Infine, un riferimento all’intervista rilasciata al Financial Times dall’ammiraglio Giuseppe Cavo Dragone, comandante militare della Nato, che aveva ipotizzato la possibilità di una guerra ibrida preventiva contro Mosca. Meloni ha richiamato tutti alla prudenza:
“Bisogna misurare bene cosa si dice, evitare ciò che genera confusione o spavento. Limiterei le sue considerazioni alla cybersicurezza”.

La Lega su un’altra linea: “Il via libera non è scontato”
Nelle stesse ore, la Lega prendeva posizioni diametralmente opposte rispetto a Palazzo Chigi. Matteo Salvini ha lasciato intendere ai suoi che l’approvazione del decreto armi non è affatto garantita. Il vicepremier, che continua a spingere per una riapertura di un canale politico con Mosca, ha auspicato un ritorno alla normalità nei rapporti fra Europa e Russia:
“Oggi può sembrare un pio desiderio, ma tra qualche mese spero di poter tornare a volare su Kiev e Mosca da Roma e Milano”.
A rafforzare la linea leghista è intervenuto il capogruppo al Senato, Massimiliano Romeo, che ha giudicato il decreto non “allineato al percorso negoziale” in corso. Una precisazione che arriva mentre il processo diplomatico mostra segnali di forte difficoltà: dopo la fumata nera dei colloqui al Cremlino di martedì, è saltato anche l’incontro programmato a Bruxelles fra gli inviati statunitensi Steve Witkoff e Jared Kushner e il presidente ucraino Volodymyr Zelensky.

Romeo ha però confermato la posizione del Carroccio:
“Un conto è difendere l’Ucraina, altra cosa è alimentare una guerra. Serve un provvedimento che guardi alle garanzie di sicurezza dell’Ucraina nell’ambito del piano di pace degli Stati Uniti. Una semplice proroga rischia di non essere allineata al percorso negoziale”.
L’asse leghista pro-Mosca e lo scontro sul Mes
A dare manforte alla linea di Salvini sono intervenuti anche Andrea Crippa, Claudio Borghi e Alberto Bagnai, che hanno criticato l’ipotesi di utilizzare i fondi del Mes per sbloccare i prestiti collegati agli asset russi congelati. Una soluzione che il ministro degli Esteri e vicepresidente del Consiglio, Antonio Tajani, aveva evocato a Bruxelles a margine della ministeriale Nato.

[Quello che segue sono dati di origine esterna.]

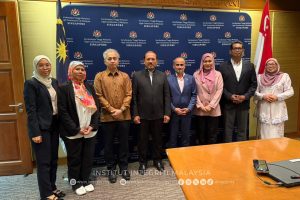 Lawatan kerja dan kajian penanda aras antarabangsa di Singapura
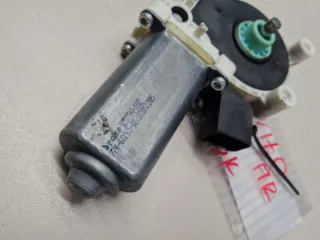 A0068204742 Моторчик стеклоподъёмника передний правый Mercedes Vito W639 Арт ZAP305826, вид 2
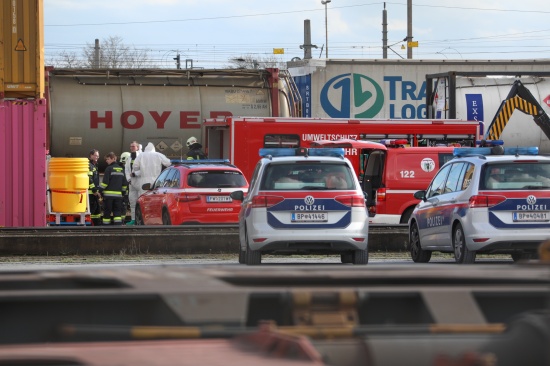 Gefahrstoffeinsatz: Austritt von Toluylendiisocyanat aus einem Container in Wels-Puchberg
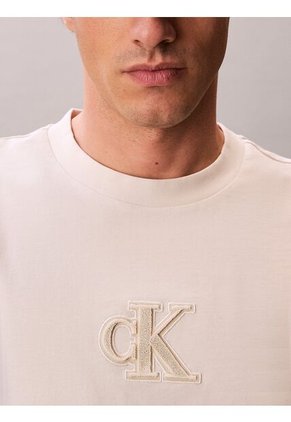 Camiseta Beige De Manga Corta Con Monograma Estampado Calvin Klein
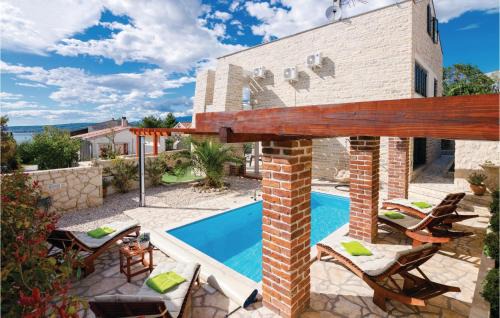 Novigrad House | Amazing Home In Novigrad With Sauna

Per la Lega, l’impiego del Meccanismo europeo di stabilità a favore dell’Ucraina rappresenta una rottura ingiustificata degli equilibri europei e un ulteriore motivo di attrito con Mosca.
Un governo diviso su Kiev
Il risultato è un governo attraversato da tensioni crescenti su uno dei dossier più sensibili della politica estera italiana. Mentre Meloni rilancia la linea del sostegno militare a Kiev come strumento necessario per difendere la pace, la Lega continua a frenare, contestando sia la proroga degli aiuti sia l’utilizzo di fondi europei per sostenere l’Ucraina.